Andrew Bates

electric newspaperman

November 26, 2009
by Andrew Bates
3 Comments

New Moon review: Not Even Worth It For The LOLs

The Twilight series is a strange beast. People take it so seriously that they stich together felt representations of Bella’s womb from the third book (google it, seriously), but when you go to see it in theatres, scenes that were meant to be dramatic and suspenseful are met with not just a little laughter from around the room. Has New Moon turned the Twilight series into a parody of itself?

Many reviews, including io9.com’s, put forward that idea.

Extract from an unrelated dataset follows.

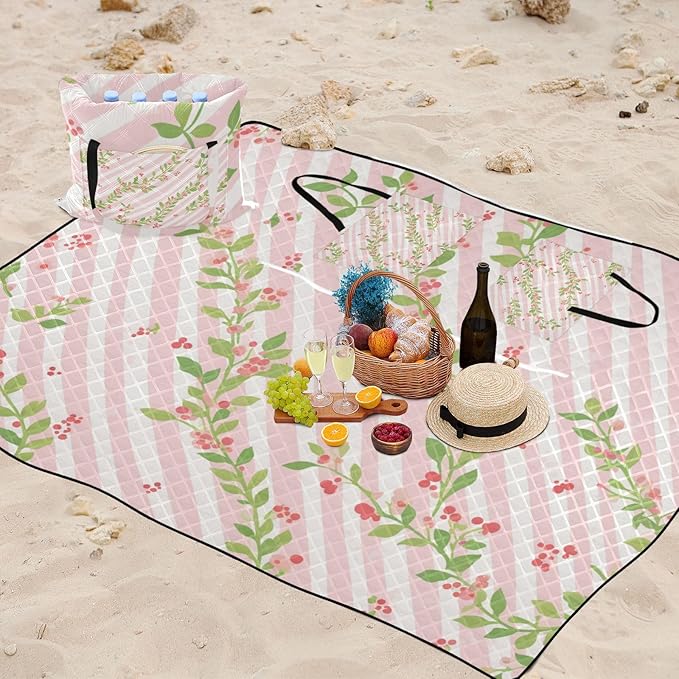 KLL Pink Green Stripe Pattern with Flowers Waterproof Beach Mat Cute Picnic Picnic Accessories Outdoor for 8 To 10 Adults Summer Gift cojines para picnic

The film has many of these moments: the speech where a friend of Bella’s decries another film for trying to think it’s deep because it uses metaphors; how Jacob (Tyler Lautner)’s prevalance for whipping off his shirt is accompanied by a grin that tells the audience that he knows what film he’s in; and one of the werewolves (who are all depicted by Natives) lampshades the film’s subtle racism by telling pale-white-guy-phile Bella that she “isn’t brown enough” to hang out with them, you wonder whether or not screenwriter Melissa Rosenberg, a producer for Dexter, intended to make fun of the franchise in one of the films itself.

However, the moments of hilarity do not cover for boring plot movement and terrible scenes of stilted dialogue. I almost think it’s more realistic that (hypothetically) this script, with an existing text to adapt and enough of a following to ensure scads of money no matter what, may have been a lazy sunday for an easy paycheque for someone like Rosenberg. Every time there is a terrible scene of monosyllabic dialogue with less chemistry than a sterilized table, I imagine that it’s 3:30 PM and the writer just thought “You know, I could be out of here by 4 if I just finish that scene.”

It’s still a Twilight movie, and it retains the problems of the original; terrible cinematography, the fact that Kristen Stewart and Robert Pattinson together make the least attractive screen couple in recent memory, and a patent disdain for every vampire narrative to precede it for hundreds of years. Fourteen-year-olds are still encouraged to discard their eternal soul (seriously!) for a high-school boyfriend. Bella Swan is still the textbook example of a Mary Sue character–a character inserted by the author who is loved by everyone and is artificially unique and interesting as a form of wish fulfilment (which may be why so many teen girls like it). Bella does absolutely nothing for the whole film that makes her worth anyone’s sympathy; except when she softens up around Jacob, making promises to stay by him that vanish the moment that beanpole Edward returns from his film-long absence. It still brute forces a metaphor about celibacy through vampirism and emphasizes female subservience in gender roles; Bella is patently unable to defend herself and even after Edward treats her like dirt and leaves “forever”, her attempts to be reckless are always stopped by an apparition of Edward.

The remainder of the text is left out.